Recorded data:
BEGIN

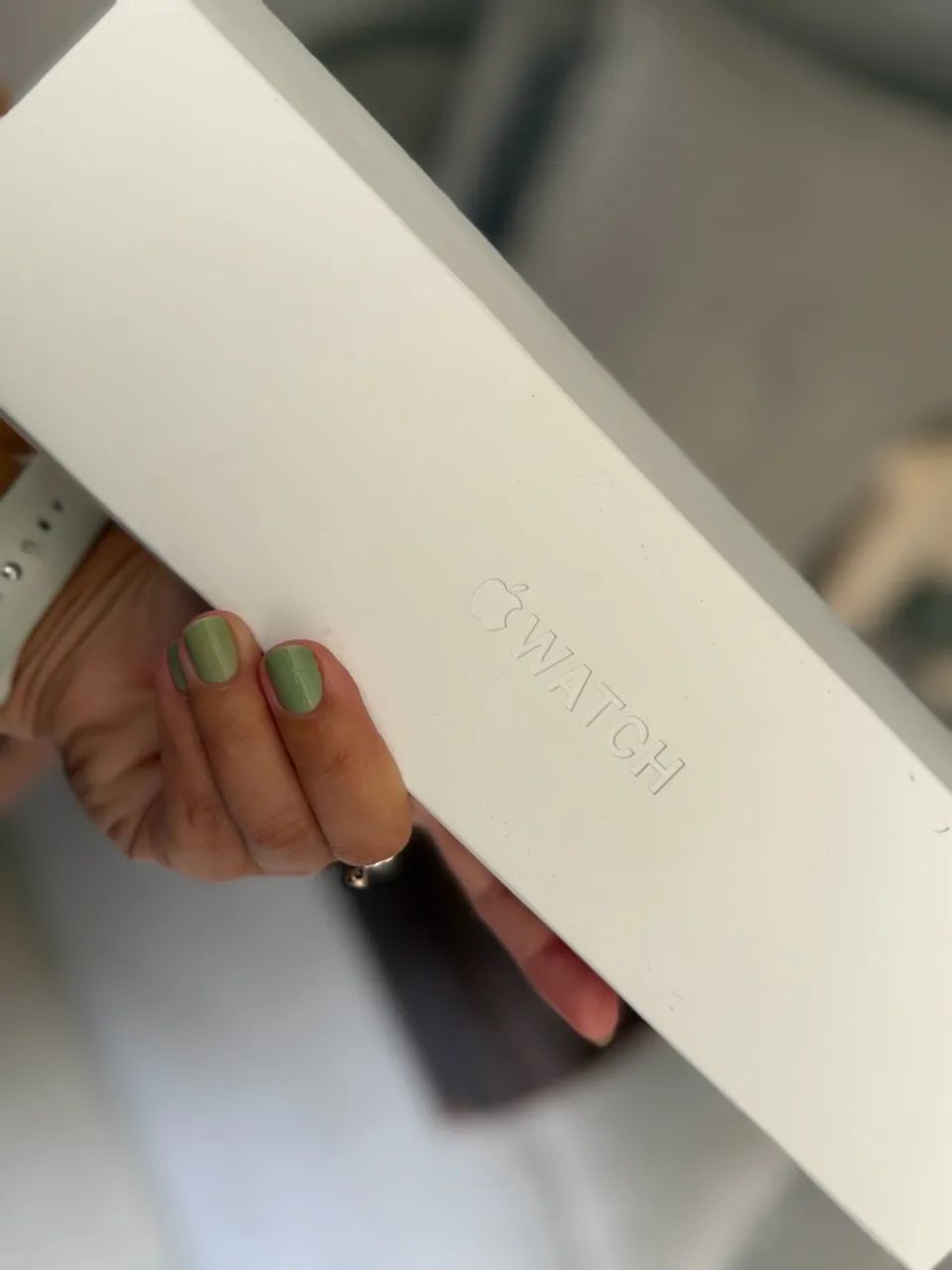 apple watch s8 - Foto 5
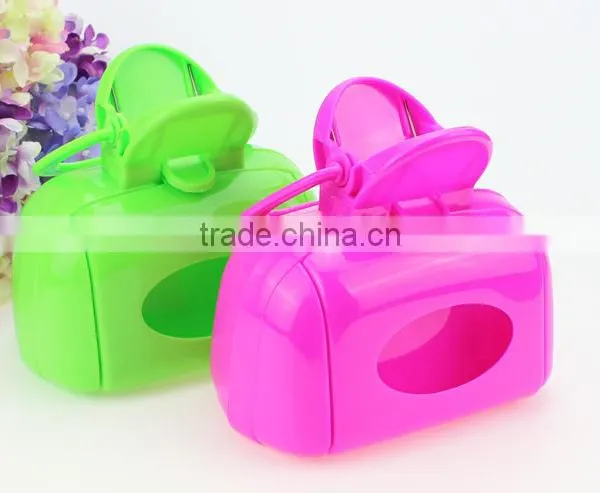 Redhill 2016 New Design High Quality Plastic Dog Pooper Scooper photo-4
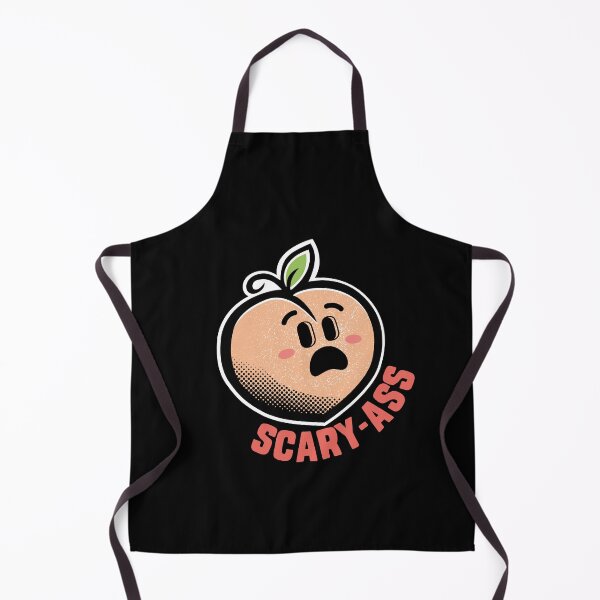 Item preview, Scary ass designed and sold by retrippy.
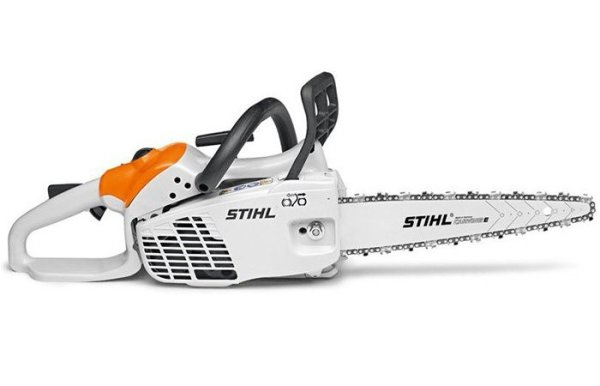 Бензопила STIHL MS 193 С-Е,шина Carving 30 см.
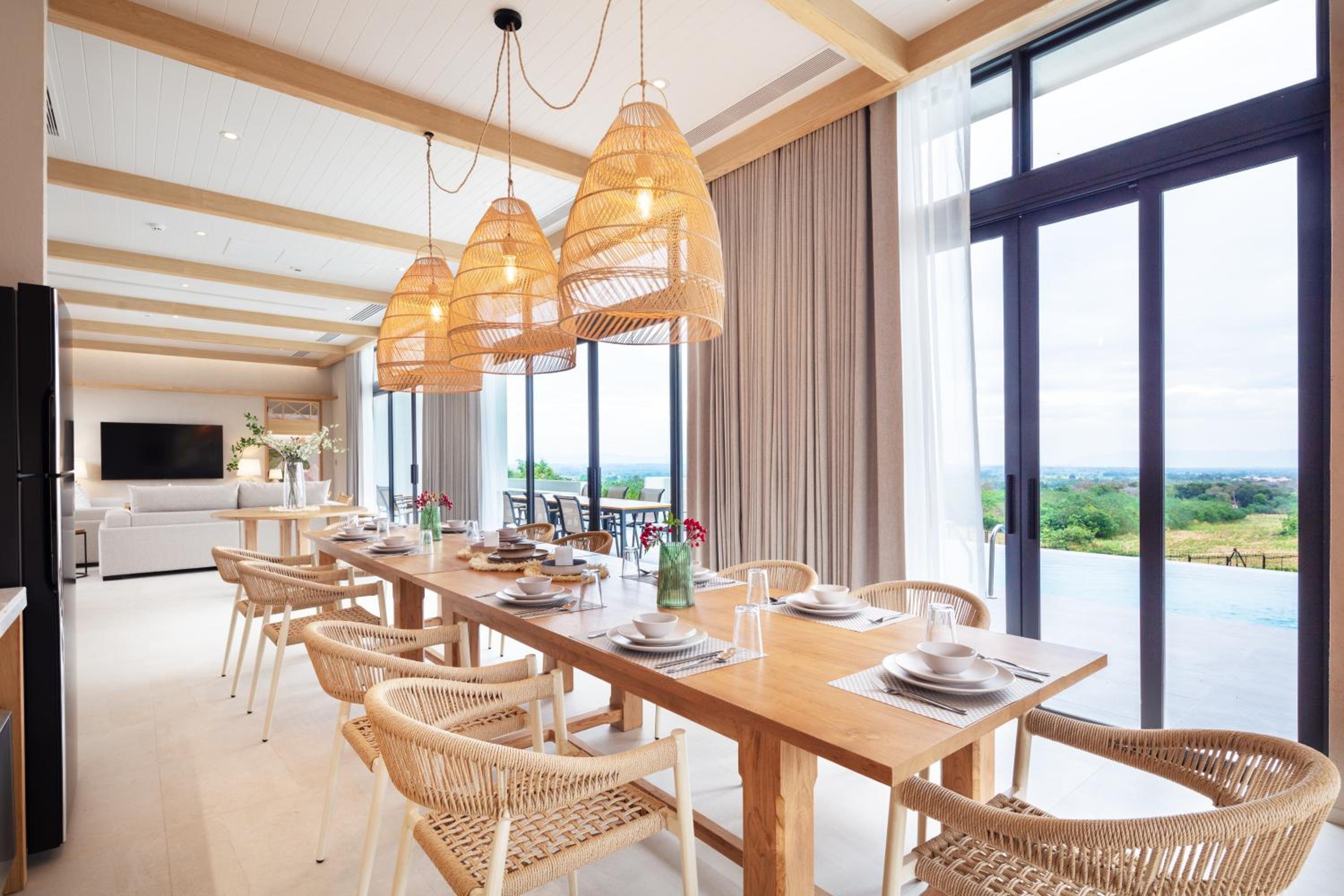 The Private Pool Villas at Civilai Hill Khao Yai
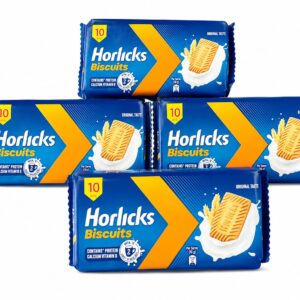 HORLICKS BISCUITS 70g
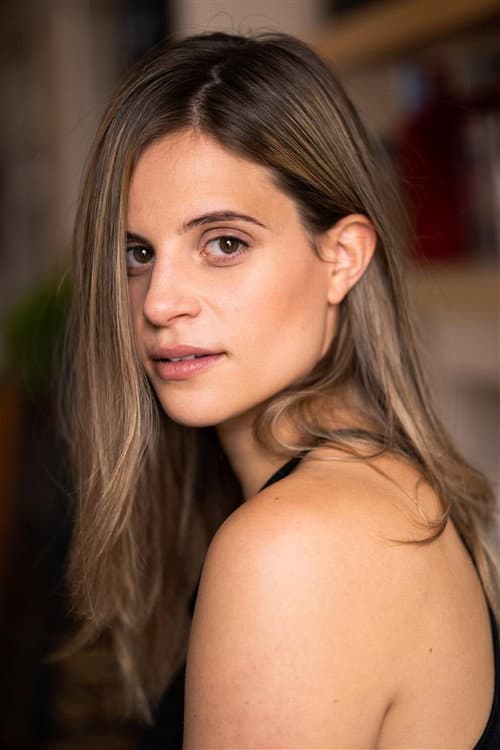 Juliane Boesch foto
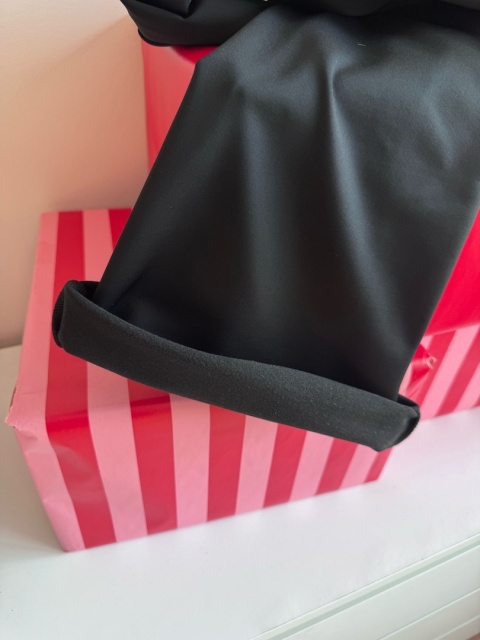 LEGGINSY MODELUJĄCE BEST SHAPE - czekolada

END

Pictures do not belong in the copy. Output all of the records exactly.

SOLUTION:
 apple watch s8 - Foto 5
 Redhill 2016 New Design High Quality Plastic Dog Pooper Scooper photo-4
 Item preview, Scary ass designed and sold by retrippy.
 Бензопила STIHL MS 193 С-Е,шина Carving 30 см.
 The Private Pool Villas at Civilai Hill Khao Yai
 HORLICKS BISCUITS 70g
 Juliane Boesch foto
 LEGGINSY MODELUJĄCE BEST SHAPE - czekolada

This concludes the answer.